## SOURCE MATERIAL
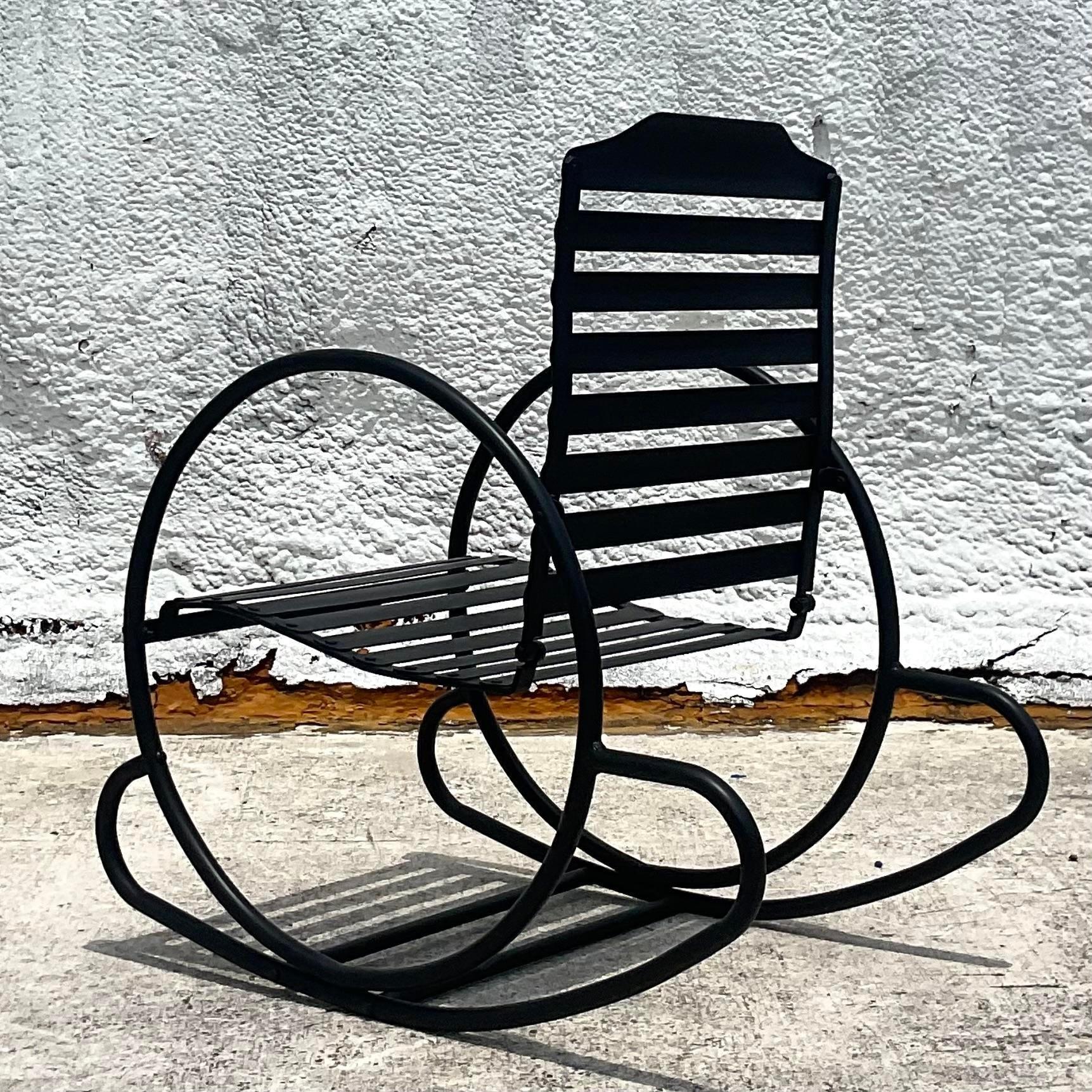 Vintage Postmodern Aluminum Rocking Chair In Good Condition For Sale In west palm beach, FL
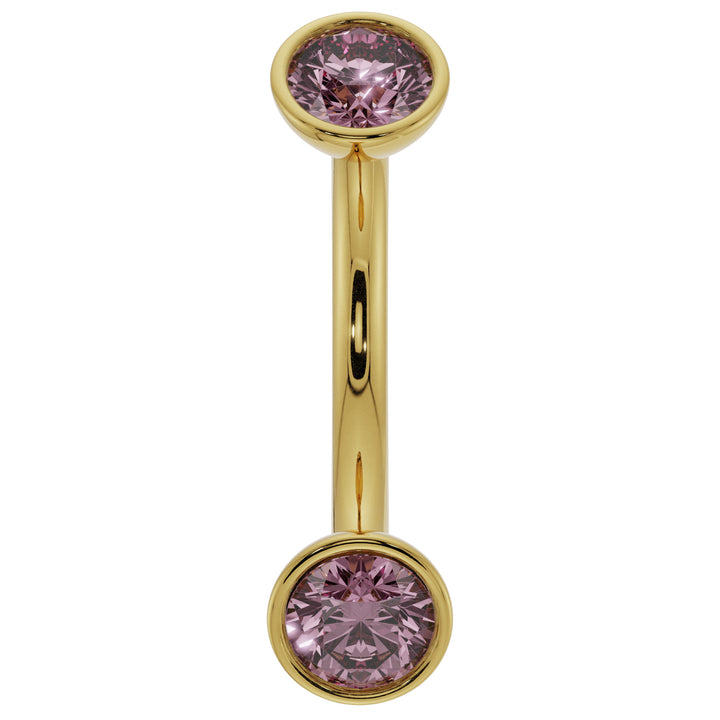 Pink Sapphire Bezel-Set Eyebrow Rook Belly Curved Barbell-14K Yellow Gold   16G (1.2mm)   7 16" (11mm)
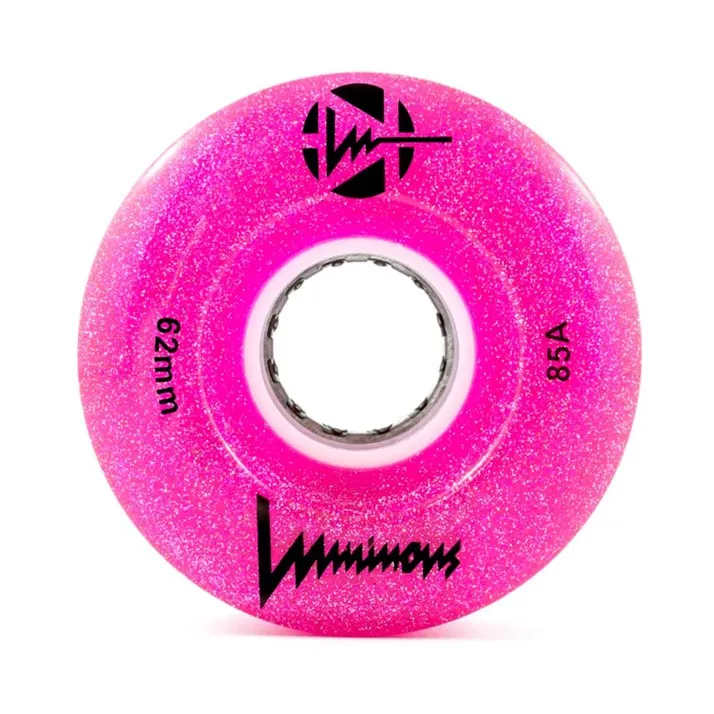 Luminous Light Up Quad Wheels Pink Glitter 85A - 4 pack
---
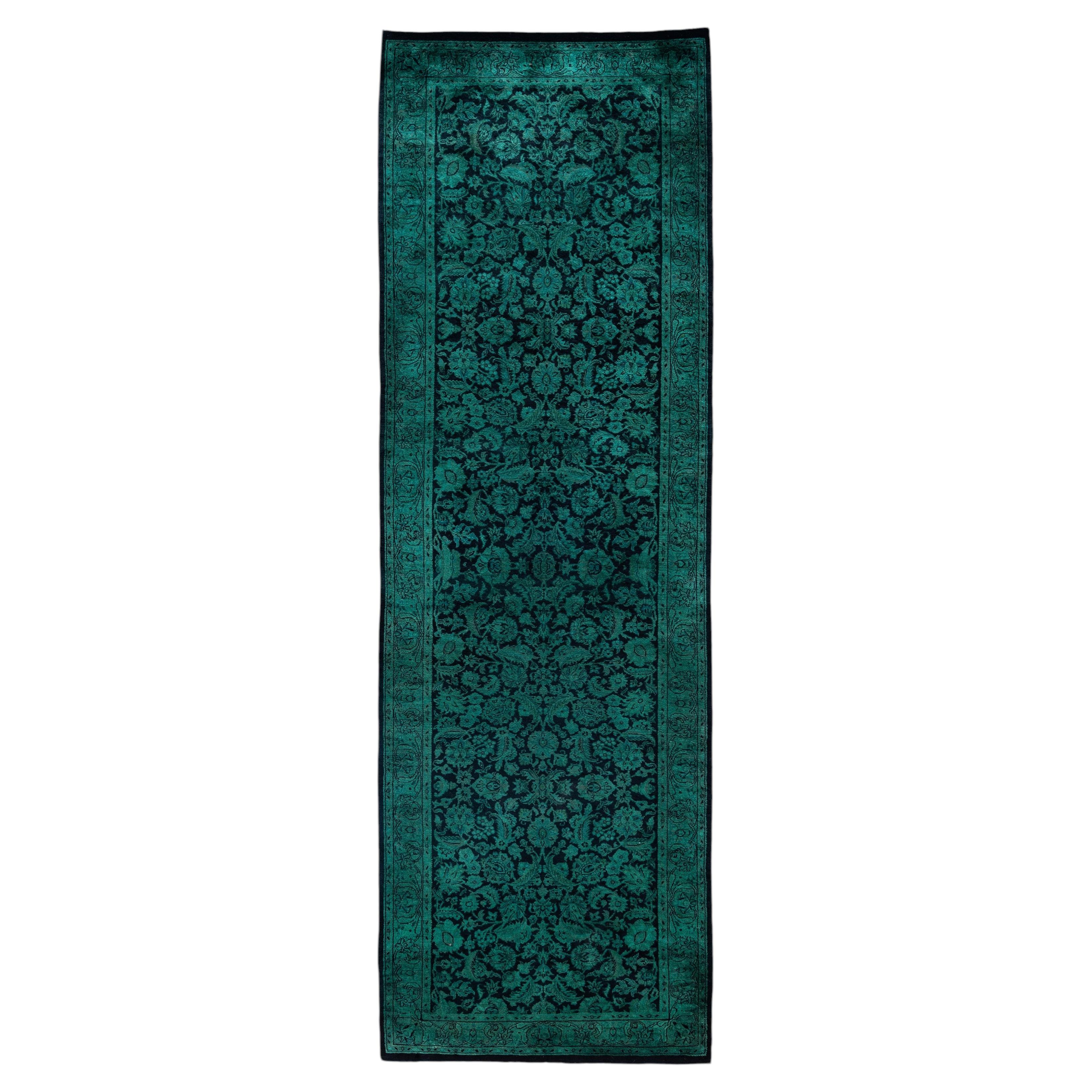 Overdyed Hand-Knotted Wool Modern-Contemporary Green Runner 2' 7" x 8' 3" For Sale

## WORK ORDER
Transcribe only the lines above that start at the line containing "Vintage Postmodern Aluminum" and end at the line containing "Luminous Light Up". Omit pictures.

## RESULT OF THE TASK
 Vintage Postmodern Aluminum Rocking Chair In Good Condition For Sale In west palm beach, FL
 Pink Sapphire Bezel-Set Eyebrow Rook Belly Curved Barbell-14K Yellow Gold   16G (1.2mm)   7 16" (11mm)
 Luminous Light Up Quad Wheels Pink Glitter 85A - 4 pack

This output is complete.